JAKARTA - Iuran BPJS Kesehatan Kelas III berpeluang kembali ke besaran sebelumnya yakni Rp25.500. Pada rapat Focus Group Discussion (FGD) antara Komisi IX dengan BPJS Kesehatan, Kejaksaan Agung, Polri dan BPK, semua pihak sepakat tidak ada kenaikan untuk iuran ini.
Wakil Ketua DPR Sufmi Dasco Ahmad selaku pimpinan rapat, mengatakan, hasil FGD ini memutuskan agar Polri, BPK, dan Kejagung memberikan pendapat secara tertulis kepada Komisi IX dan Direksi BPJS Kesehatan. Agar direksi bisa memutuskan langkah yang bisa diambil selanjutnya.
"Jadi kami kasih dua hari, untuk semua berikan pendapat tertulis. Kami instruksikan juga setelah mendapat pendapat tersebut, BPJS bisa mengambil sikap," kata Dasco dalam FGD yang diselenggarakan Komisi IX di Gedung DPR, Kompleks Parlemen, Senayan, Jakarta, Selasa, 28 Januari.
Selanjutnya, BPJS akan melaporkan hasil FGD ini kepada Presiden Joko Widodo. Setelah itu, direksi akan mengambil langkah selanjutnya.
"Dua hari ini kami tunggu pendapat tertulis tiga lembaga (Kejaksaan Agung, Kepolisian, dan Badan Pemeriksa Keuangan), dan setelah itu yang terkait diskresi kami akan laporkan kepada atasan langsung kami, presiden," kata Dirut BPJS Kesehatan Fachmi Idris.
Dalam rapat FGD tersebut, Fahmi mengungkapkan kekhawatiran direksi, dewan pengawas BPJS, dan Dewan Jaminan Sosial Nasional (DJSN) mengenai risiko hukum jika menjalani keputusan rapat antara Komisi IX, Menkes dan BPJS pada Desember 2019.
BACA JUGA:
Kekhawatiran pihak BPJS berangkat dari peraturan yang berlaku. Di dalam PP 87 nomor 2013 pasal 21 dijelaskan BPJS hanya bisa mengalirkan dananya untuk tiga hal, pembayaran manfaat atau pembiayaan layanan jaminan kesehatan, dana operasional penyelenggaraan program jaminan kesehatan, dan investasi dalam instrumen investasi sesuai dengan peraturan perundangan undangan.
"Pada tanggal 23 Desember Dewan Pengawas bersurat kepada kami direksi bahwa terdapat potensi risiko hukum jika dilaksanakan tidak sesuai dengan peraturan perundangan. Jadi tidak ada di dalam undang-undang itu menyatakan pemanfaatan untuk subsidi peserta lain kira-kira seperti itu," ucapnya.
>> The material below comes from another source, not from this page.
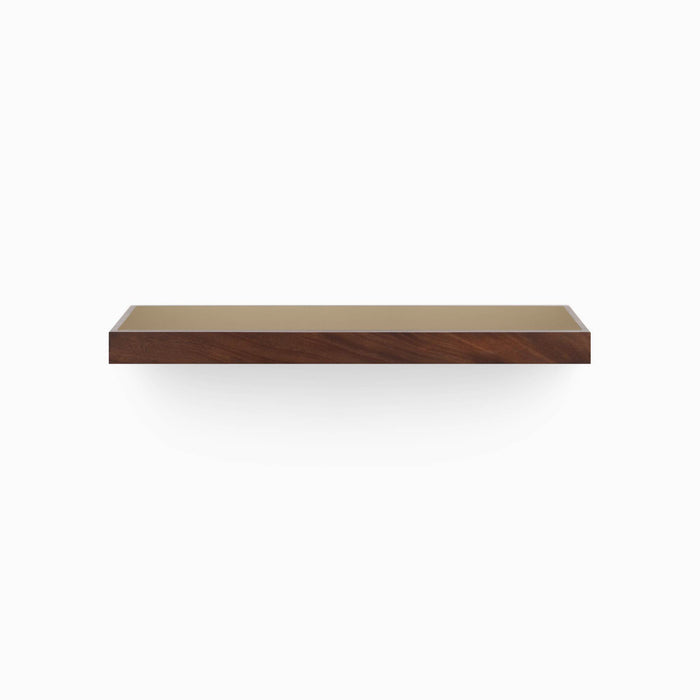 Aksel Inlay Dutch Mocha Floating Shelf with mahogany glue-up frame and smooth beige display ledge for elegant wall shelving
Kekhawatiran pihak BPJS ini direspons Plh Jaksa Agung Muda Tindak Pidana Khusus Kejaksaan Agung Ali Mukartono. Menurut dia, terkait masalah ini BPJS Kesehatan bisa saja tidak melanggar hukum.
Ali menjelaskan, ada jurisprudensi MA yang dikatakan meskipun terpenuhi unsur tindak pidana korupsi (tipikor) dan diatur dalam pasal 2 ayat 1 atau pasal 3 UU nomor 31 tahun 1999, asalkan, apa yang dilakukan BPJS digunakan untuk kepentingan umum dan tidak menguntungkan satu pihak. Maka sifat melawan hukum perbuatan itu menjadi hilang atau tak ada.
"Untuk ukur masalah ini, meskipun bisa terduga pelanggaran, selama dia tidak mendapat keuntungan dan untuk kepentingan umum maka tidak melanggar hukum. Jangan takut kalau untuk kepentingan umum," ucap Ali.
Ali menjelaskan, hal ini bisa dilakukan sebagai diskresi hukum untuk mengatasi keputusan pemerintah yang buntu. Sebagaimana tertuang di dalam UU 30 tahun 2014.
"Diskresinya kan syaratnya itu tadi disampaikan pada UU 30 tahun 2014 itu untuk mengatasi stagnasi pemerintahan. UU 30 tahun 2014 tentang adminsitrasi pemerintahan," tuturnya.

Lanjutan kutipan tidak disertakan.